Je pense que nous sommes réellement à la fin d’un cycle, l’odeur de la fin d’une période est là. Toutes les possibilités réelles de survie sont arrêtées. On ne peut plus aller dans les pays du golf pour trouver du travail, ni en Irak, ni en Europe, ni aux Etats-Unis et l’échec interne d’un modèle de développement économique différencié fait qu’il n’y a plus d’offres d’emploi. La situation est bloquée. Le peuple égyptien attend un grand projet. »
recueilli par Jean-Marie Dinh
Né au Caire, Khaled Al Khamissi est producteur, réalisateur et journaliste.
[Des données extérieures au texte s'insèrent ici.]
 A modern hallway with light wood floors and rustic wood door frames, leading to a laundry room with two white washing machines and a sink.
Diplômé de sciences politiques de l’université du Caire et de relations internationales de l’université de Paris- Sorbonne, il a publié en 2007 ce premier livre, devenu rapidement un best-seller et aussitôt traduit en plusieurs langues européennes. Son deuxième opus, Safînat Nûh (L’Arche de Noé), paraîtra au Caire à la fin de 2009.
Portant chacune sur un aspect particulier de la vie sociale, économique ou politique en Egypte, ces cinquante-huit conversations avec des chauffeurs de taxi du Caire composent un tableau fascinant de ce pays à un moment clé (avril 2005-mars 2006) du règne du président Hosni Moubarak – qui sollicitait alors un cinquième mandat. Tout y est, en effet : les difficultés quotidiennes de la grande majorité de la population, la corruption qui sévit à tous les échelons de l’administration, l’omniprésence et la brutalité des services de sécurité, le blocage du système politique, les humiliations sans fin que la population subit en silence, les ravages du capitalisme sauvage…
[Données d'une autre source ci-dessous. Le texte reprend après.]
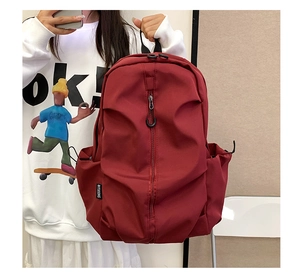 Detail of burgundy waterproof backpack with vertical zipper and side drawstring pocket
Consignés en dialecte égyptien avec un humour décapant et un admirable sens de la mise en scène, ces échanges librement reconstitués par l’auteur, sinon entièrement inventés par lui, relèvent à la fois de la création littéraire et de l’enquête de terrain. S’ils font connaître les griefs des “gens d’en bas”, ils laissent aussi entrevoir les raisons pour lesquelles le pouvoir en place tient bon malgré sa décrépitude et son impopularité.
C’est sans doute cette combinaison inédite de lucidité politique, de tendresse pour les plus faibles et d’humour qui explique la diffusion de Taxi, dans sa version originale, à plus de cent mille exemplaires.